■ WORK TO COMPLETE
Leaving out every picture, copy the lines of the material below exactly, from the line containing "Scout Cart™ All-Purpose" through the line containing "Oct 18, 2024;".
== Segment start ==
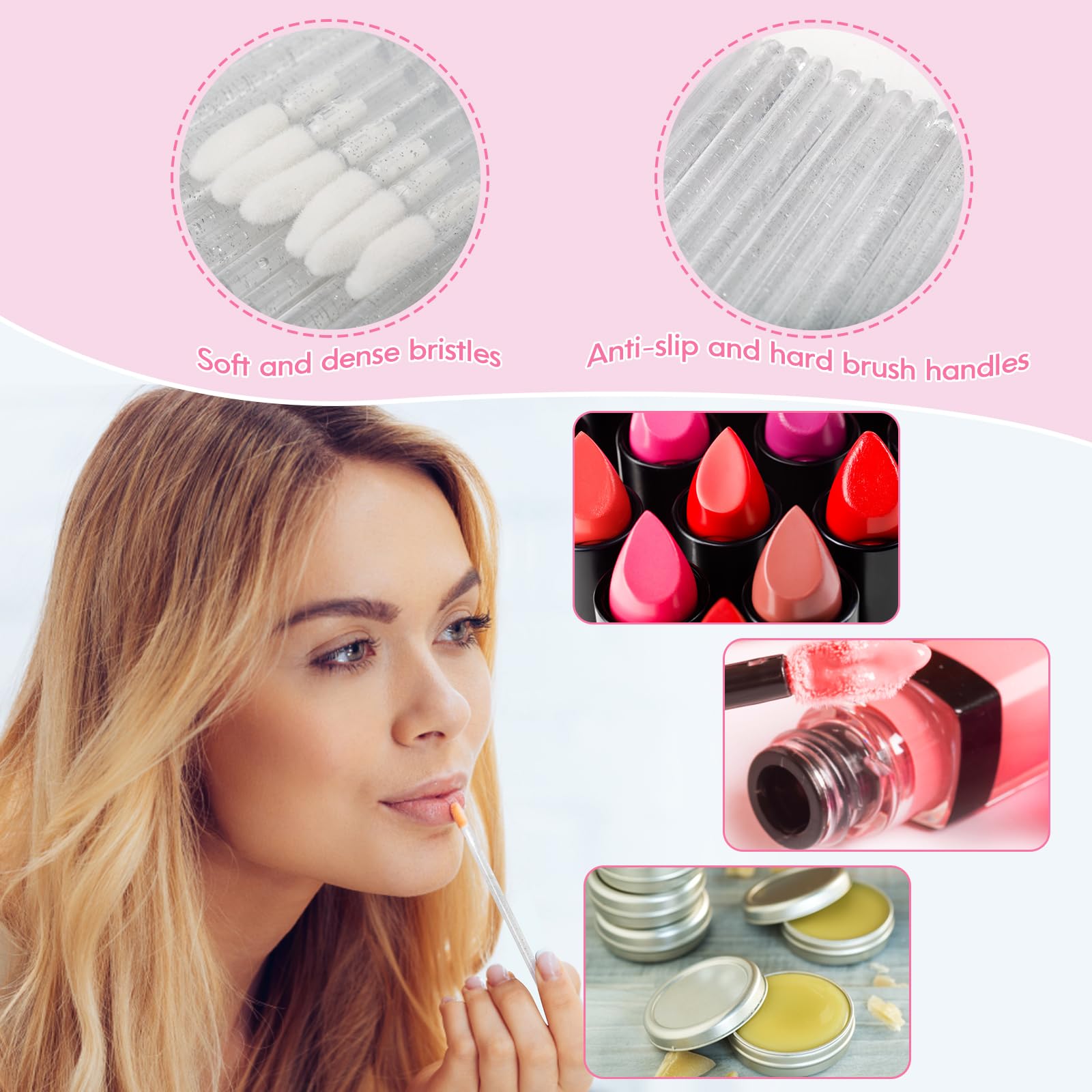 G2Plus 300Pcs Crystal Eyelash Extension Supplies Kit, 100Pcs Disposable Lip Wands, 100Pcs Mascara Brush Applicators, 100Pcs Glit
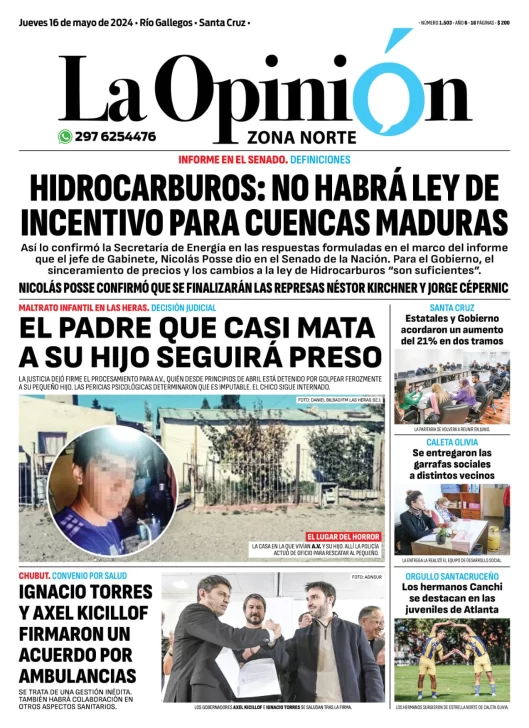 Diario La Opinión Zona Norte tapa edición impresa del jueves 16 de mayo de 2024, Caleta Olivia, Santa Cruz, Argentina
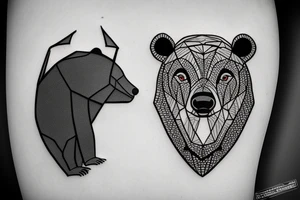 Bear fighting a hawk tattoo idea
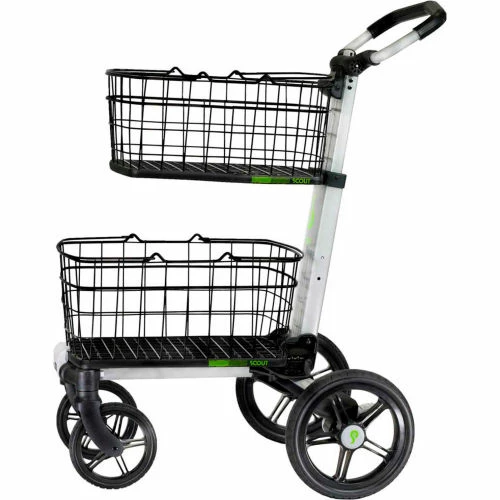 Scout Cart™ All-Purpose Folding Cart with Removable Baskets and Cargo Tray - Silver
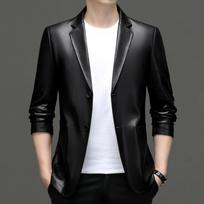 Pu Leather Casual Suit Men's Jacket Slim Spring and Autumn Section Black Brown 4XL juoda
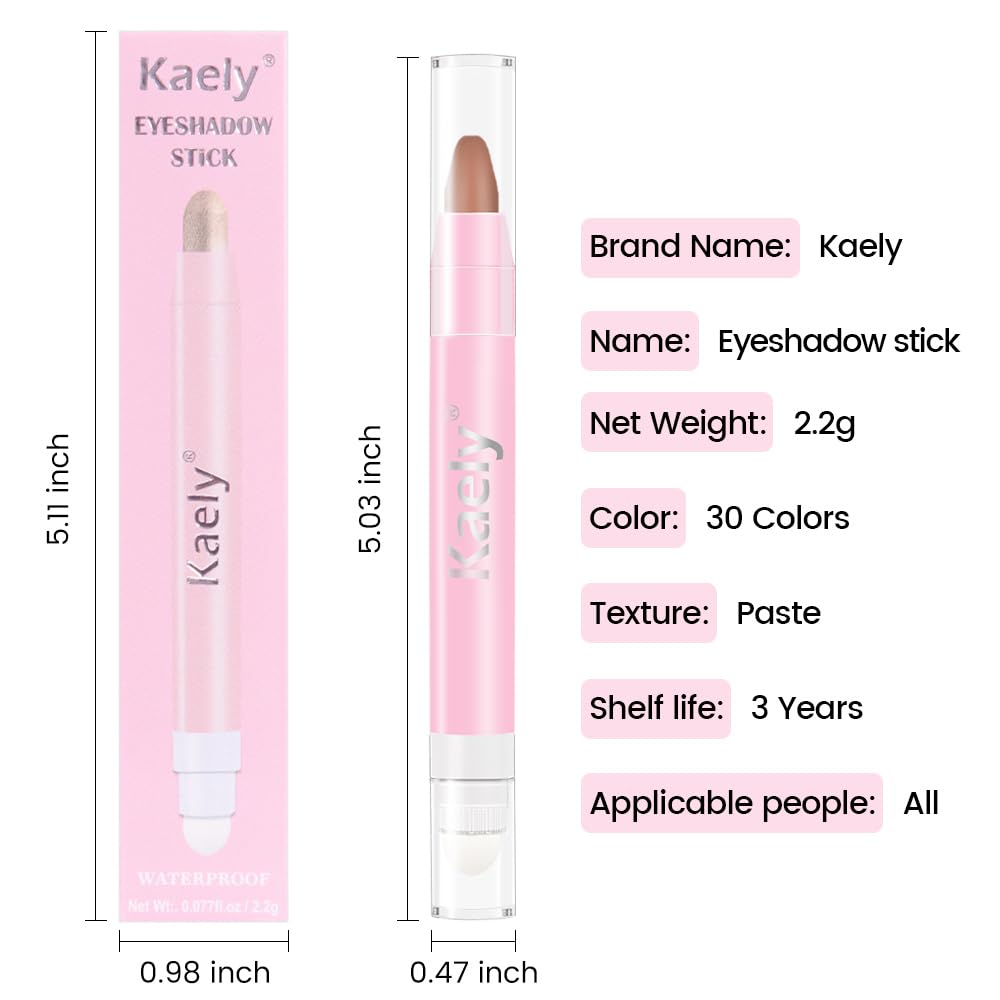2-in-1 Cream Eyeshadow & Highlighter Stick, Waterproof Stone Brown Shimmer Eye Shadow Pencil for Women, Long-Lasting Pigmented Makeup, sombras para ojos 18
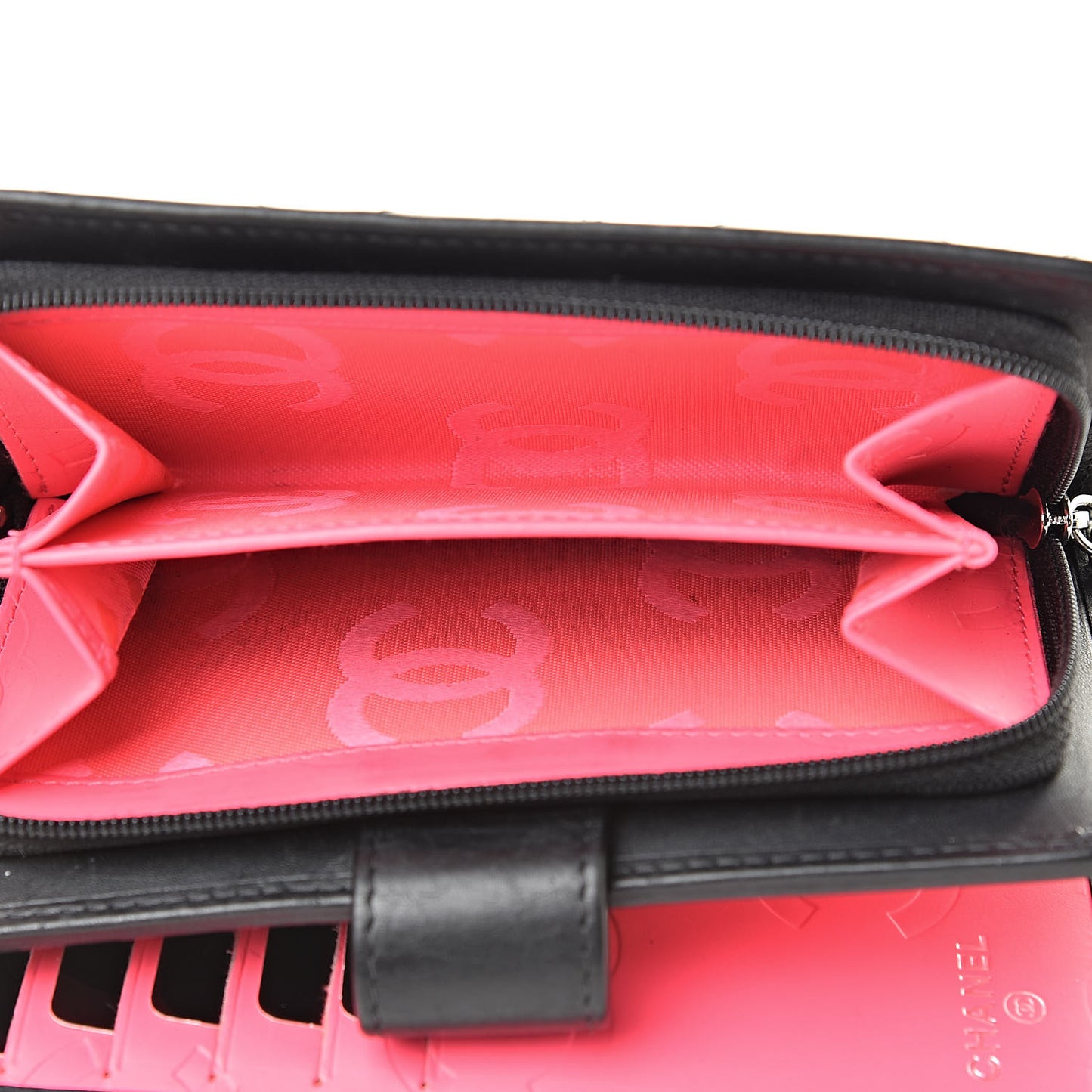 Calfskin Cambon Zipped Pocket Wallet Black
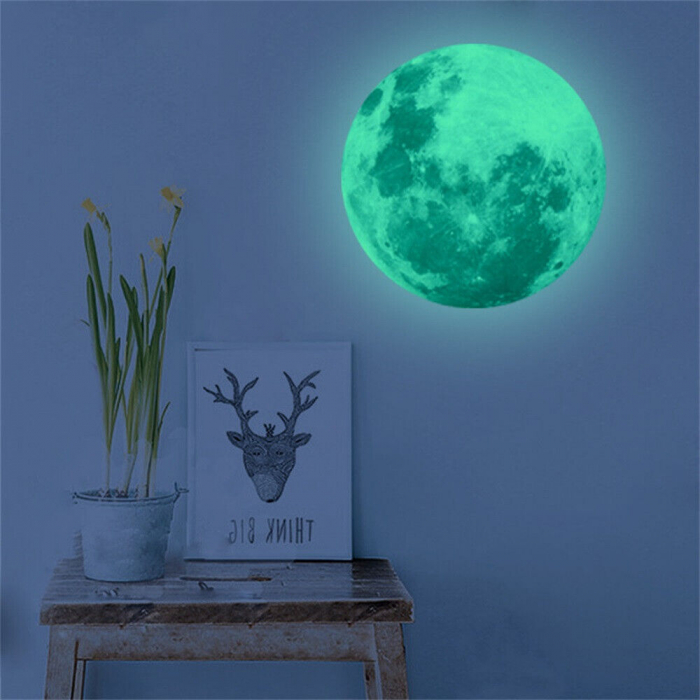 Sticker Glow in the dark Luxer, Autocolant Luna Fosforescenta, Verde, 30 cm,  stickere pamant terra pentru perete ieftin dormitor sufragerie autocolant emag luxer dedeman leroy globul pamantesc [7]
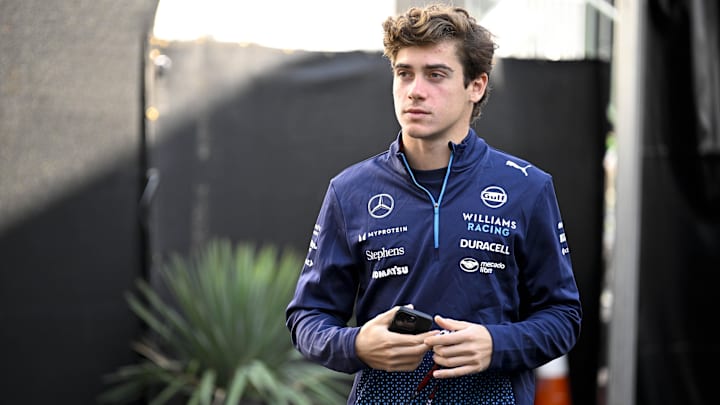 Oct 18, 2024; Austin, Texas, USA; Williams Racing driver Franco Colapinto (43) of Team Argentina  walks through the track entrance before practice for the 2024 US Grand Prix at Circuit of the Americas. Mandatory Credit: Jerome Miron-Imagn Images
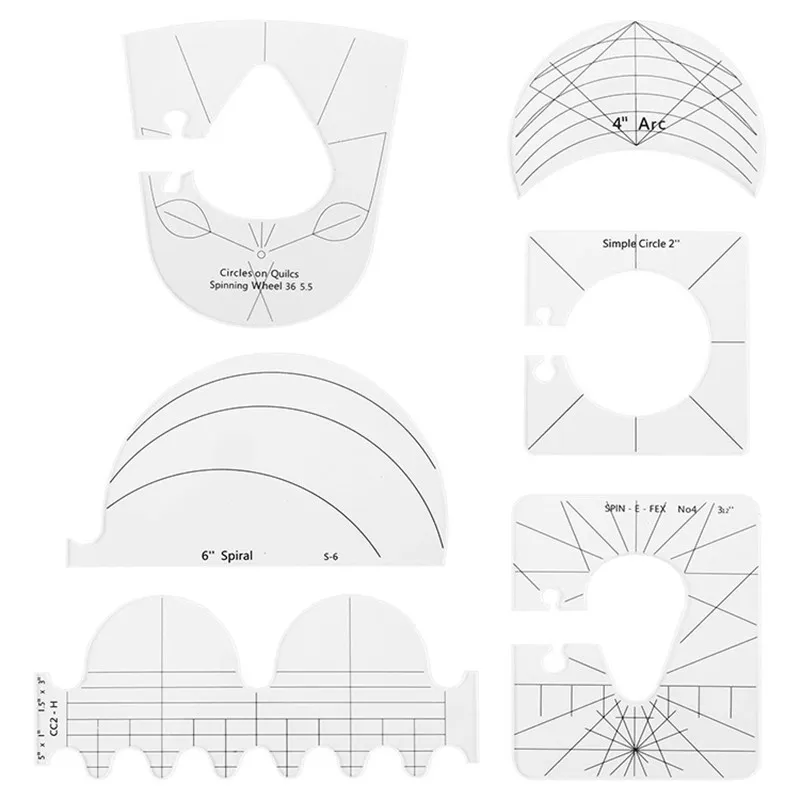 6 sztuk patchworkowa linijka narzędzia do pikowania linijka do pikowania szablony zestaw DIY odzież materiały krawieckie Quilter\'s linijka szycia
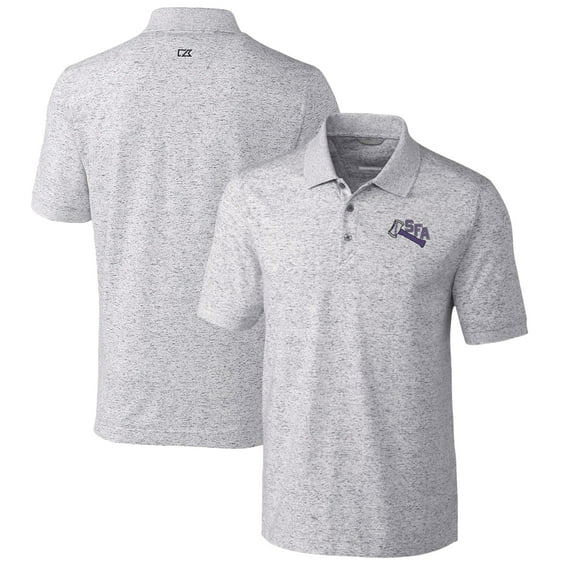 Men's Cutter & Buck Steel Stephen F Austin Lumberjacks Advantage Space Dye Tri-Blend Polo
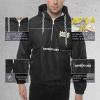 imageMembers Only Nickelodeon Print Lightweight Windbreaker Jacket for Men with Hood ampamp Half Zip Black 2XL
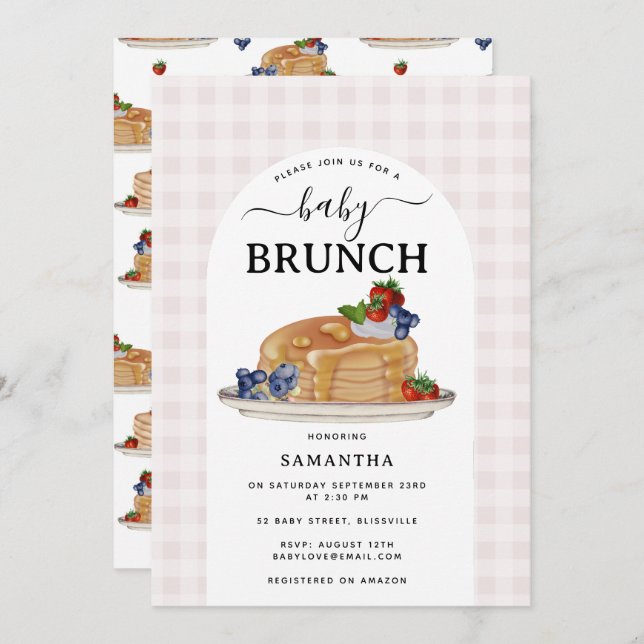 Convite Pancakes Berries Brunch Pink Plaid Baby Shower (Frente/Verso)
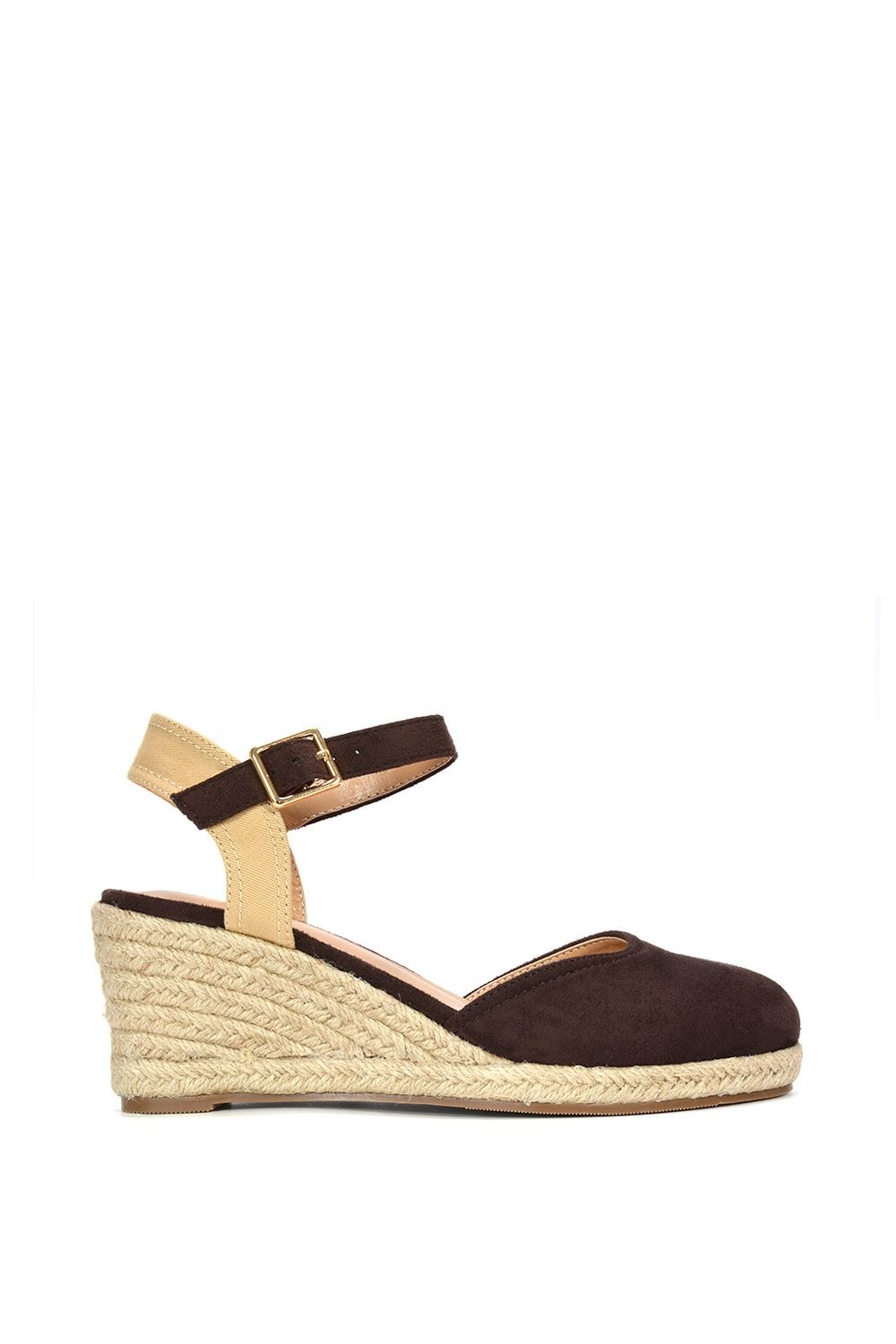 XY London 'Joey' Espadrille Platform Wedges With Closed Toe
== Segment end ==
■ TASK ANSWER
 Scout Cart™ All-Purpose Folding Cart with Removable Baskets and Cargo Tray - Silver
 Pu Leather Casual Suit Men's Jacket Slim Spring and Autumn Section Black Brown 4XL juoda
2-in-1 Cream Eyeshadow & Highlighter Stick, Waterproof Stone Brown Shimmer Eye Shadow Pencil for Women, Long-Lasting Pigmented Makeup, sombras para ojos 18
 Calfskin Cambon Zipped Pocket Wallet Black
 Sticker Glow in the dark Luxer, Autocolant Luna Fosforescenta, Verde, 30 cm,  stickere pamant terra pentru perete ieftin dormitor sufragerie autocolant emag luxer dedeman leroy globul pamantesc [7]
 Oct 18, 2024; Austin, Texas, USA; Williams Racing driver Franco Colapinto (43) of Team Argentina  walks through the track entrance before practice for the 2024 US Grand Prix at Circuit of the Americas. Mandatory Credit: Jerome Miron-Imagn Images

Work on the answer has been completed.